Work instructions — Please copy out the full listing that follows exactly; no picture belongs in the copy.

Data block —

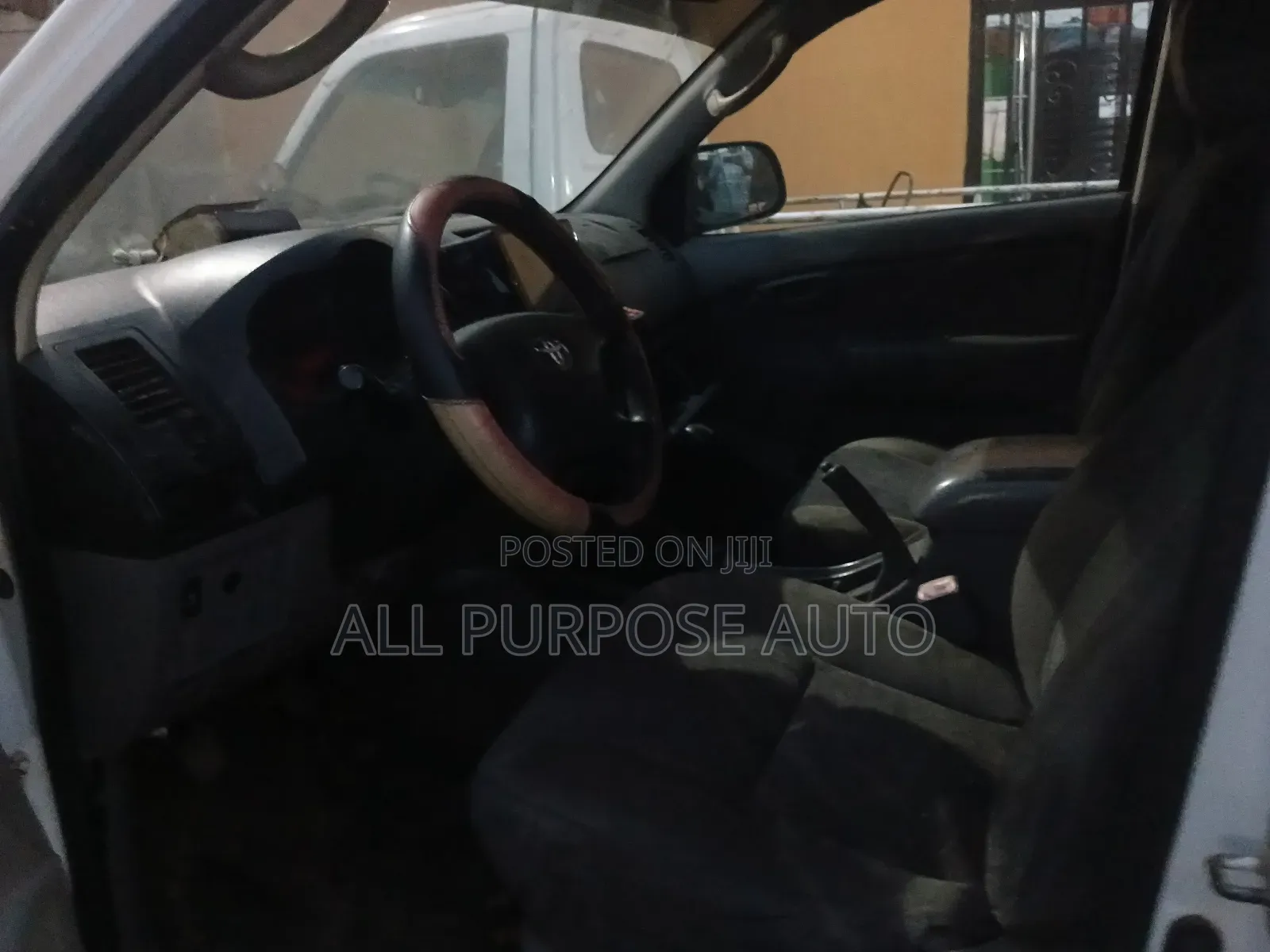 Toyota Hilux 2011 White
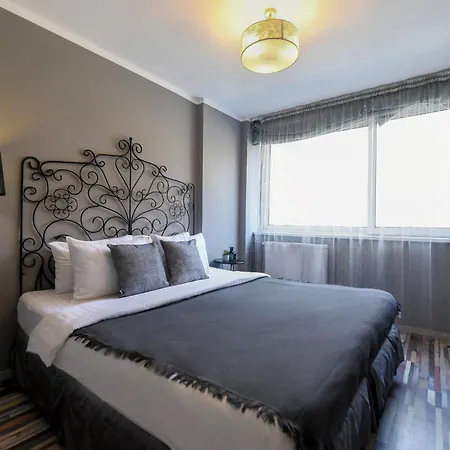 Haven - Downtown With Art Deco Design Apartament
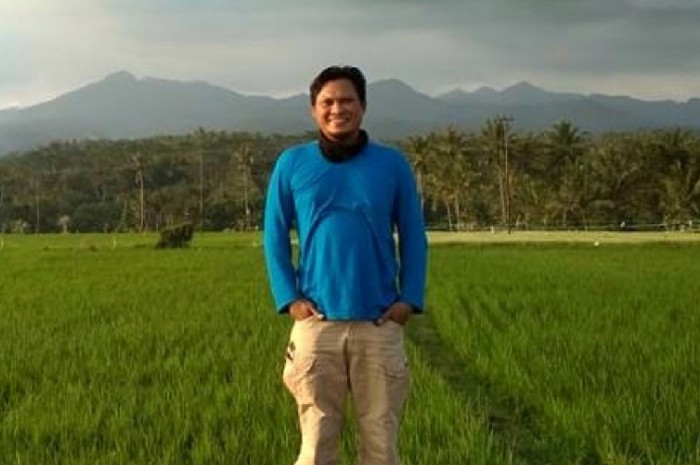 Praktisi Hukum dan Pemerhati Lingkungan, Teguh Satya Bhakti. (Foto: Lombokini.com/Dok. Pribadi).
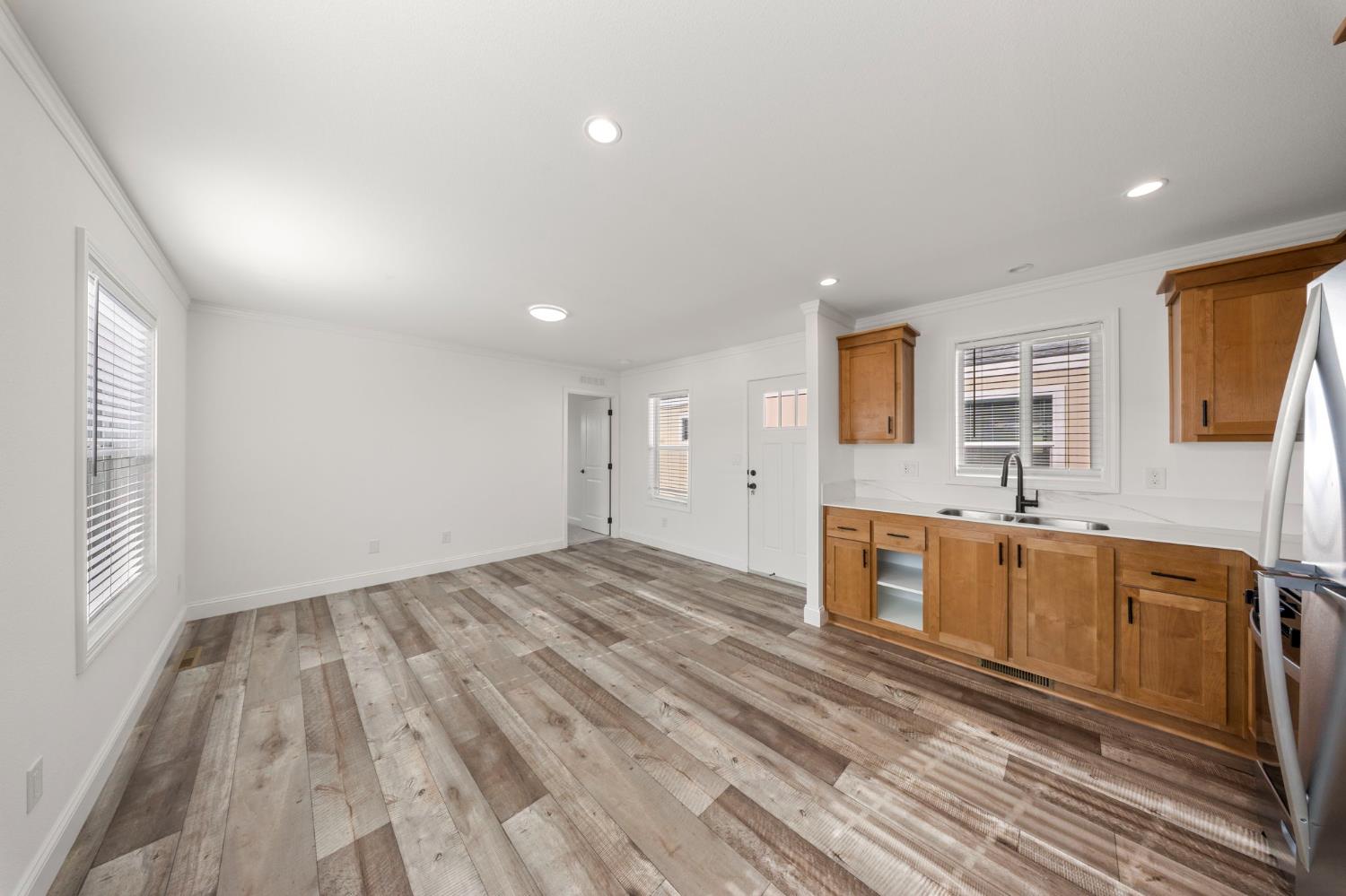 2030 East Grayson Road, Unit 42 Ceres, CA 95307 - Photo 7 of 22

Answer space —
 Toyota Hilux 2011 White
 Haven - Downtown With Art Deco Design Apartament
 Praktisi Hukum dan Pemerhati Lingkungan, Teguh Satya Bhakti. (Foto: Lombokini.com/Dok. Pribadi).
 2030 East Grayson Road, Unit 42 Ceres, CA 95307 - Photo 7 of 22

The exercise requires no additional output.